Using the listing below, set down exactly the lines starting at the line that contains "Ashley Finger taking" and ending at the line that contains "drone / aerial", both included, and no others.

RECORDS PROVIDED:
☆ ☆ ☆ ☆

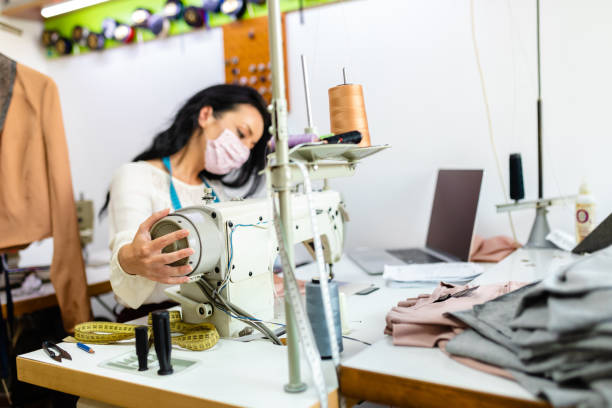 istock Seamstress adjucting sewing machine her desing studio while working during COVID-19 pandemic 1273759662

☆ ☆ ☆ ☆

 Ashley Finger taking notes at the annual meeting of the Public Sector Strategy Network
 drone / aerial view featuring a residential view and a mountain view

☆ ☆ ☆ ☆

RESPONSE TO THE EXERCISE:
 Ashley Finger taking notes at the annual meeting of the Public Sector Strategy Network
 drone / aerial view featuring a residential view and a mountain view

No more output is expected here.